Infrastructure in the Letlhakeng area is currently being damaged by ground fissures. Geophysical profiles of seismic refraction and reflection, and ground penetrating radar (GPR) were recorded at the areas affected by the ground fissures to map their depth extent and subsurface configuration. The GPR survey used 50 MHz antennas with an inline transmitter and receiver 2 m apart and a sample spacing of 30 cm. A reversed seismic refraction profile with two offset shots was recorded. Twenty four geophones were placed 2 m apart to make a total profile length of 46 m. The seismic reflection data were recorded with an equal source and receiver interval of 1 m and a total spread length of 23 m across a ground fissure. The GPR profile shows that the ground fissures are sub-vertical and extend to a vertical depth of ~5.0 m. The seismic refraction profile shows a two layer velocity model comprising overburden with a seismic velocity of 400-600 m/s lying over a substratum with a seismic velocity of 1200-1400 m/s. The top layer consists of the loose sand which is imaged to a depth of 5 m. The seismic reflection profile shows that the ground consists of subhorizontal layers from 0-15 m depth, which have all been broken by the ground fissure observed at the surface. The geophysical results show that the ground fissures persist from the surface to depths of 15 m.

Keywords
Seismic refraction; Seismic reflection; Ground penetrating radar; Ground fissure; Seismic velocity
Introduction
There have been reports by residents of Letlhakeng, Ditshegwane, Metsebotlhoko, and Sesung Villages, in the Kweneng District, that infrastructure in the area is being damaged by periodic ground movement which gives rise to large ground fissures. These ground fissures are reported to cause damage to infrastructure like institutional buildings, private houses, and public roads. The ground fissures form during the dry seasons and prolonged droughts, and are closed by debris inflow during the wet seasons to become completely unrecognizable, only to develop again during the next dry season. Apart from causing damage to infrastructure, the fissures pose a geologic hazard to people and livestock since they are quite big and animals can fall into them. Although the ground fissures close in the wet season, the damage to infrastructure remains visible and it is the only evidence that there is something wrong with the foundations of civil structures.
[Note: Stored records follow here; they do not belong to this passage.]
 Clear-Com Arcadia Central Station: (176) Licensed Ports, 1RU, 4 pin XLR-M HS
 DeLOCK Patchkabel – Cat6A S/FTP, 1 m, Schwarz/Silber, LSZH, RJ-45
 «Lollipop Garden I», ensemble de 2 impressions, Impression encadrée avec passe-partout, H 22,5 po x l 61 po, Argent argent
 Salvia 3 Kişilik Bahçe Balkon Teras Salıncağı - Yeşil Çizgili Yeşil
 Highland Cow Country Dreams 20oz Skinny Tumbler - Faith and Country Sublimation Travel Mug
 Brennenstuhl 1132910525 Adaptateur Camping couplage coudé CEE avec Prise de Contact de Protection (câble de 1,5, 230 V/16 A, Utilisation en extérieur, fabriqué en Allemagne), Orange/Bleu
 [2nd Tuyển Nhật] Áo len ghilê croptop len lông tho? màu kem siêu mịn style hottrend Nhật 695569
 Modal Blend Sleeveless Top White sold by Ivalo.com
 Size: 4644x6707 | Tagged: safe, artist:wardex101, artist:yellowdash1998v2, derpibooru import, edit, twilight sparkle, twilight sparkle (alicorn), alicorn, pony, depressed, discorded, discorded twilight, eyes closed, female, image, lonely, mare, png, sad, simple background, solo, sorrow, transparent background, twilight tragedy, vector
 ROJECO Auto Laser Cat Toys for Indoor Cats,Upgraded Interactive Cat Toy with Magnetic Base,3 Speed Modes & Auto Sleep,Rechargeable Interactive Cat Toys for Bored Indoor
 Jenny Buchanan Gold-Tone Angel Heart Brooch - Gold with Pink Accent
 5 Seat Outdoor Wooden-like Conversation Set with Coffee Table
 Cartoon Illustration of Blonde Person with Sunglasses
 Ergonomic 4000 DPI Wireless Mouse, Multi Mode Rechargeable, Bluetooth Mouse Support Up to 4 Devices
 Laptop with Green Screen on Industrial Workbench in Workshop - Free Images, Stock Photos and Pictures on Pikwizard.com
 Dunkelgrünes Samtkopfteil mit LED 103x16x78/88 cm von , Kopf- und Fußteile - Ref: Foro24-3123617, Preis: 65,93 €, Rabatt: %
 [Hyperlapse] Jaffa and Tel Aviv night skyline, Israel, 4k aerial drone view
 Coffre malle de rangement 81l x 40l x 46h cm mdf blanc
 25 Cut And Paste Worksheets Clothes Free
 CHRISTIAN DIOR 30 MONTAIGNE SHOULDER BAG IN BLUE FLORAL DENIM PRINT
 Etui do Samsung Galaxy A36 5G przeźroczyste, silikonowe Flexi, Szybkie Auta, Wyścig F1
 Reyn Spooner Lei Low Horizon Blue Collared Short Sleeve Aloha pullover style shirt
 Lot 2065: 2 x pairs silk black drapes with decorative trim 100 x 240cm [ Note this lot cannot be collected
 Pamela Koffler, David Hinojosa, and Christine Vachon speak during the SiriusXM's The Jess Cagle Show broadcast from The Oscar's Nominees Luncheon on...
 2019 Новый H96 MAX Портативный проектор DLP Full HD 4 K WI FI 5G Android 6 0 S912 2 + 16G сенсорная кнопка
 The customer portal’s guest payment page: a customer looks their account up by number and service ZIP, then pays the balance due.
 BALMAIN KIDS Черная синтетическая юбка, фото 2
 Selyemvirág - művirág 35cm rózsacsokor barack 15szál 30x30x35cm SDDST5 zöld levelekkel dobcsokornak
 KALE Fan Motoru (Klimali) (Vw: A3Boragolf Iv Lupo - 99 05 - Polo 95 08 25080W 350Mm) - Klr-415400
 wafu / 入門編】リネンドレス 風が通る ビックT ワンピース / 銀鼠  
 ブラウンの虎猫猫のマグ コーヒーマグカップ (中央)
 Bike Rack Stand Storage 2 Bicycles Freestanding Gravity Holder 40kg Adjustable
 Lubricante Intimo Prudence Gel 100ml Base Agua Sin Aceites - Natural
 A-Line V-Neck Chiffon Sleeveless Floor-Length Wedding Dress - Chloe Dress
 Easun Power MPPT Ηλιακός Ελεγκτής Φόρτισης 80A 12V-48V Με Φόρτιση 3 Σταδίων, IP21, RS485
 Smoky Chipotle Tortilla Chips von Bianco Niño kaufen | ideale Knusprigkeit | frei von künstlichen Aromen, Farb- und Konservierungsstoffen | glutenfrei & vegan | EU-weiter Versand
The infrastructure damage is incremented in the next dry season until the structure fails completely, leading to closure and relocation of institutional buildings as it happened at the Mphu, the Junior Secondary School and the customary court building in Letlhakeng village [1]. The cause of this destructive ground movement is largely unknown but suspected to be related to either active seismicity or expanding clay underlying the buildings. The ground fissures vary in size from a few millimeters to several centimeters and even metres across. Along the paved Ditshegwane access road to the main Letlhakeng-Morwamosu highway, the ground fissures are oriented north-south and manifest themselves as small depressions and large ground fissures (Figure 1). The fissures appear to be a widespread phenomenon in the area as large ground fissures can be followed for tens of meters away from the paved roads. Local residents of Letlhakeng report the occurrence of large ground fissures at many places in the bush and within ploughed fields.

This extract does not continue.